A couple of weeks back Delta Air Lines cancelled thousands of flights.
At first it was attributed to a combination of a “software glitch” and power cut. Next the power company responded, saying there had been no disruption to services in the area.
In a statement to the press, the company’s CEO finally shed some light on the source of the mass cancellations – an electrical component had failed and some servers weren’t connected to backup power.
The result? Tens of thousands of customers enduring a torrid few days and a reported $120 million dollar loss.
The event highlights how easily a complex IT environment can fail, especially when hybrid estates involve a mix of owner-operated data centers, co-location and cloud technologies.
It also demonstrates how data center dependent we have become – almost every industry relies on a data center to operate and the cost of a failure is massive.
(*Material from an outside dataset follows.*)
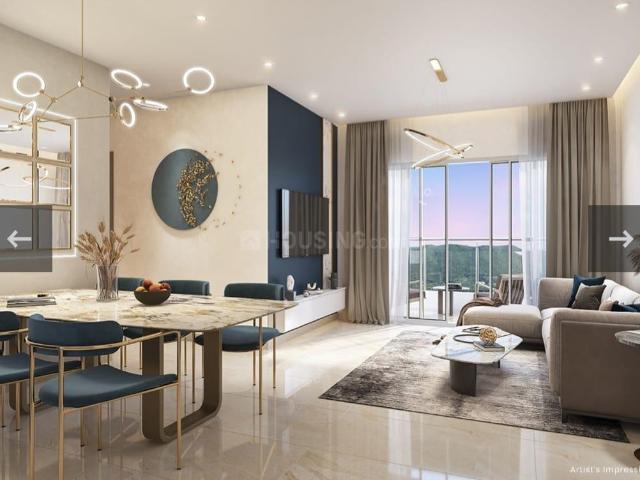 3 BHK Apartment in Tathawade for resale Pune. The reference number is 13888542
It costs $8,851 dollars for every minute of data center downtime.
Southwest’s outage is estimated to have cost $82 million. The cost of the outage is more than just lost time and revenue – there are refunds, compensation vouchers, staff overtime and damage to the brand’s image.
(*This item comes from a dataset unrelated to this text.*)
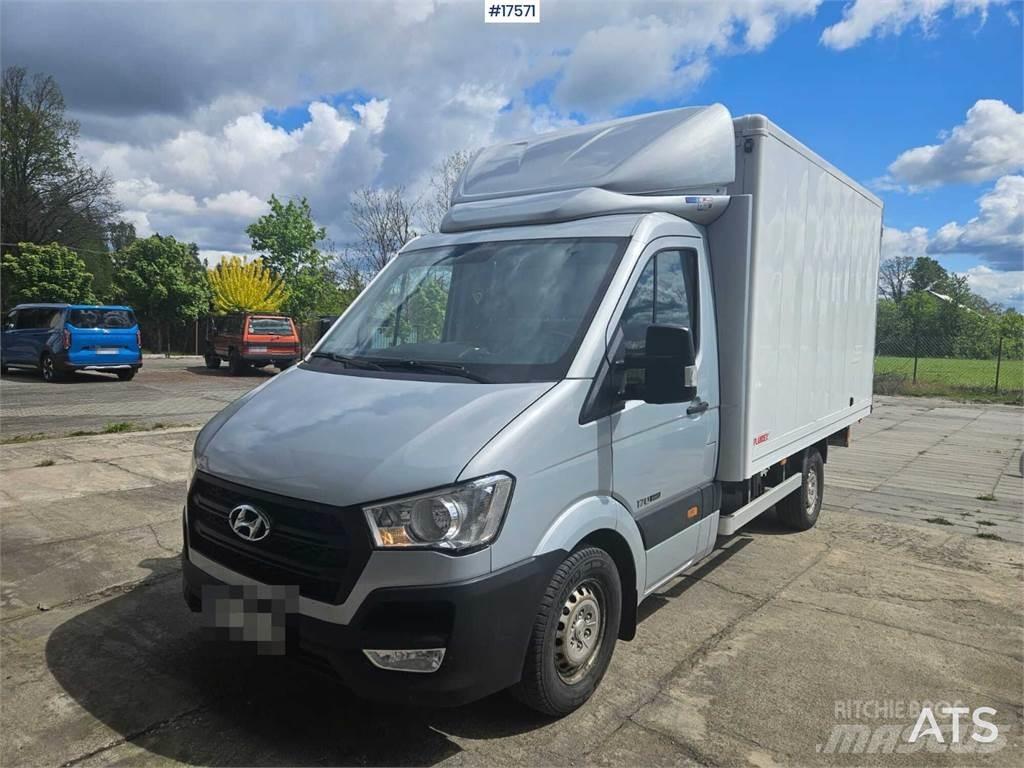 Hyundai H350 大型面包车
The mechanical and electronic components of a plane used to be all a passenger had to worry about failing, now you might not even make it off the ground due to a crashed check-in system or a drop in a mobile app that hosts your electronic boarding pass.
Delta is investing over $150 million in improving its IT, however without real-time visibility into where systems are, no amount of money can prevent a situation such as this week’s from happening again.
The reasons behind the outage are unfolding each day, however one fact is clear – if you operate an airline, now is the time to assess the resilience of your data center environments.